● EXERCISE PROMPT: Repeat word for word the lines starting at the one with "Inside A Nike" and ending at the final line of the material, both ends included; omit pictures.

● DATA EXTRACT:
==*==

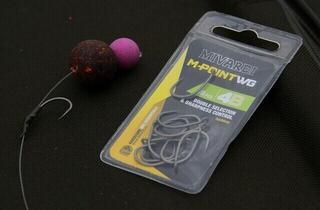 Fishing Hook Mivardi M-Point WG Barbless 10 pcs - 4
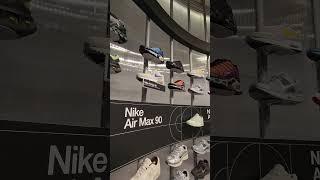 Inside A Nike Store Inside Landmark 81 In Saigon Vietnam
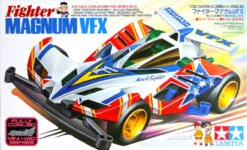 Tamiya 19410 Mini 4WD Fighter Magnum VFX 1/32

==*==

● PROBLEM SOLUTION:
 Inside A Nike Store Inside Landmark 81 In Saigon Vietnam
 Tamiya 19410 Mini 4WD Fighter Magnum VFX 1/32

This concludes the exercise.